Ever since Albert Einstein showed that space and time could be dimpled, warped, and stretched out of shape like an old mattress in a cheap motel, cosmologists have gazed up and pondered what kind of food our Universe most closely resembles in terms of shape.

Is it shaped like an infinite Pringle, bending up and out forever into eternity? Could it be a pizza, perfectly flat if you ignore the bumps of galactic pepperoni and cheesy dark matter? Perhaps it's more like a spicy meatball, curving back until it meets itself on all sides.

Or just maybe it's more like a donut that forms closed loops in multiple dimensions. An international team of cosmologists who recently formed a group called the COMPACT Collaboration has analyzed the remaining glow of the Big Bang and concluded that nothing in its patterns rules out such a cosmic landscape, if it twists the right way, at least.

Because 'twisty cosmic donut' isn't a bona fide mathematical term (yet), the researchers use the term 3-torus to describe the mind-bending possibility of poking yourself in the back of the head with a stick some tens of billions of light-years in length no matter which way you face.

Yes, you read that right. Imagined another way, our Universe could be one giant carnival funhouse, where instead of a series of mirrors, space-time bends around in every direction allowing you – in theory – to see your own back pockets if you squint hard enough.

It's an alluring possibility that's been revisited over the years, and not just because of physicists' bias for gourmet desserts. Exotic shapes on a massive scale could direct us to physics on how our Universe emerged from a seed of … well, somethingness.

Roughly 13.8 billion years ago, everything we can see (and for that matter, everything we can't) was crammed into an impossibly small space that science is yet to describe, requiring a mix of quantum physics and general relativity that we're yet to land upon.

What can be described are the moments when space stretched and the material inside it cooled. At some point, the Universe expanded enough for some of its electromagnetic radiation to avoid the dense crowds of electrons and congealing atomic nuclei.

A fraction of those free photons have managed to avoid collisions ever since, happily humming along as expanding space has stretched the light into long, cool noodles of microwave radiation.

This low energy 'glow' is called the cosmic microwave background (CMB). Mapping subtle variations in the CMB's glow can give us a rough idea of what the early moments of expansion looked like. While this is handy for some models, the scale and patterns within the map depend largely on how space is shaped, leaving other theories open.

If we're living inside a giant pizza? Those fluctuations should all accurately reflect the same scale. Got a Pringle Universe? Light might bend in a way that makes variations smaller than they appear. Meatball? The light might have ballooned.

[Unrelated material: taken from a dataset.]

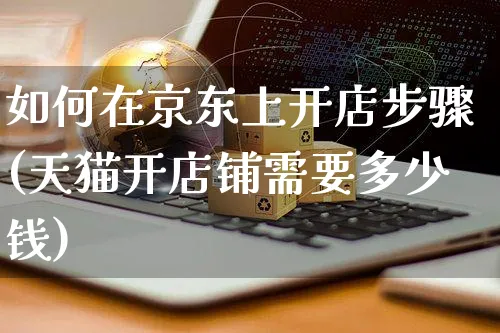 如何在京东上开店步骤(天猫开店铺需要多少钱)_https://www.czttao.com_京东电商_第1张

And if it's a donut? The Universe would be topologically flat, like a pizza, only with repeating patterns that might point to phenomena that break radical new ground in our quest for understanding the origins of everything.

Unfortunately clear signs of these closed loops of space and time are yet to be seen in the CMB. Before you yell "case closed and where's my side of galactic garlic bread?", members of the COMPACT Collaboration argue we shouldn't be quite so hasty.

In their inaugural publication, the team argues that some exotically shaped Universes based on the more twisted forms of a 3-torus are still compatible with the CMB.

While the run-of-the-mill donut runs into problems at certain scales, we can't so easily dismiss versions of the torus that twist light in such a way that patterns distort but retain a correlation.

Looking for those correlations might yet reveal exotic features of our Universe's overall shape, perhaps with twists and curves that demand new physics to explain.

Perhaps Homer Simpson's theory that so intrigued cartoon Stephen Hawking wasn't so absurd after all.

This research was published in Physical Review Letters.